Professional Cooking Secrets
- For an extra layer of complexity, toast the rice lightly in the residual chicken fat and oil before adding the stock. This nuttiness enhances the overall flavor profile.
- Use homemade chicken stock if possible; its richer flavor will significantly elevate the dish compared to store-bought varieties. Consider reducing the stock slightly before adding it for an even more concentrated taste.
- If you want to achieve a smoky depth akin to grilling, a tiny pinch of smoked paprika can be added to the chicken marinade alongside the chili flakes and turmeric.

Notes
- Leftovers can be stored in an airtight container in the refrigerator for up to 3 days. Reheat gently on the stovetop with a splash of chicken stock or in the microwave.
- For a vegetarian option, substitute chicken with firm tofu or chickpeas, and use vegetable stock. Adjust cooking times accordingly.
- Feel free to add other vegetables like corn, green beans, or spinach during the last 5 minutes of cooking for added nutrition and color.
Frequently Asked Questions
Can I use boneless, skinless chicken thighs instead of breast?
Absolutely! Boneless, skinless chicken thighs are an excellent choice for this dish as they tend to stay juicier and more flavorful during cooking. The cooking time will remain largely the same, but they might tolerate a minute or two longer searing if you desire extra crispness.
My rice turned out a bit mushy. What went wrong?

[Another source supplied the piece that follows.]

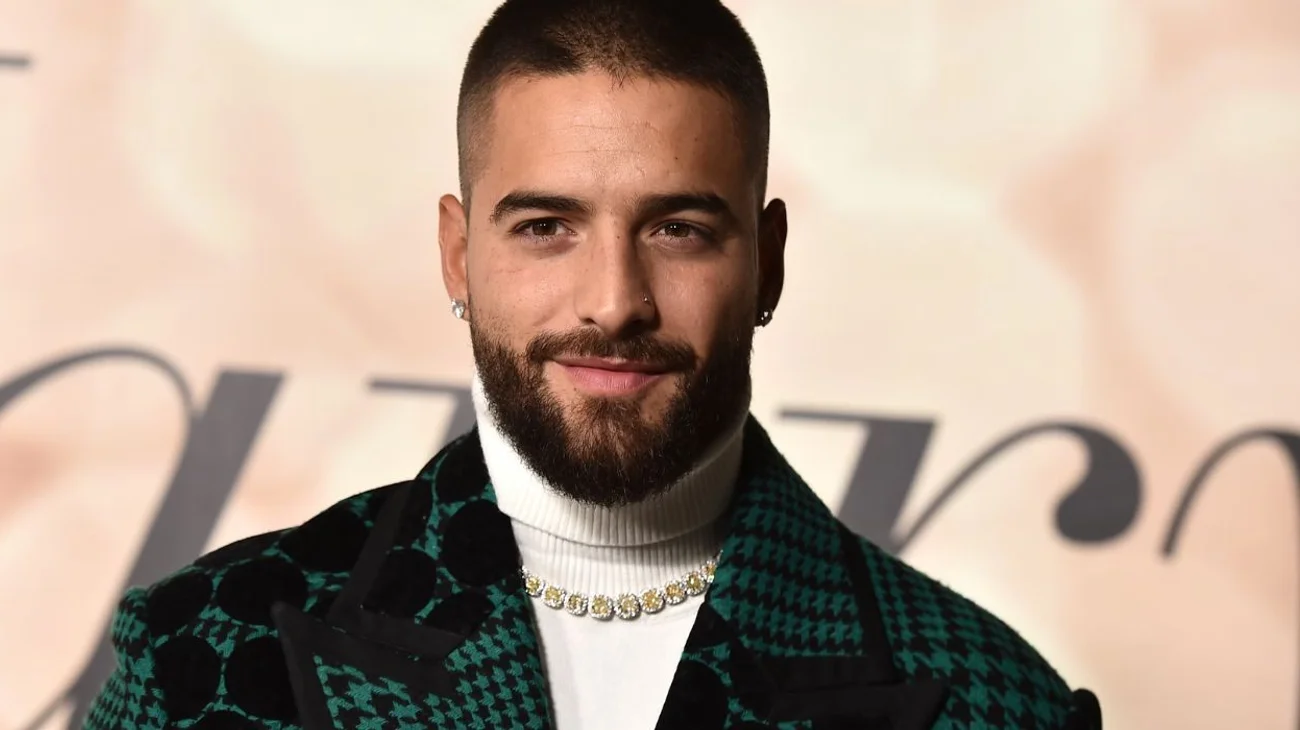 EH_UNA_FOTO_2025_08_10_T131219_759_bc2d831c28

The most common reasons for mushy rice are using too much liquid, lifting the lid too often during cooking, or not allowing it to rest properly. Ensure you stick to the recommended 2:1 ratio of stock to rice and resist peeking! The resting period is crucial for perfect texture.
What kind of sauce should I serve with this?
For an authentic Nando's experience, Perinaise is highly recommended. However, you can also use any peri-peri sauce (mild to extra hot), a creamy garlic sauce, or even a simple squeeze of fresh lime juice to brighten the flavors.
Nutrition Facts (Per Serving)
Calories: 550, Protein: 40g, Fat: 25g, Carbs: 45g (Estimates per serving, dependent on specific ingredient brands and portion sizes).
Allergy Information
Contains chicken. May contain trace amounts of gluten if using certain chicken stocks. For a gluten-free version, ensure your chicken stock is certified gluten-free. This recipe is dairy-free unless you add a dairy-based sauce.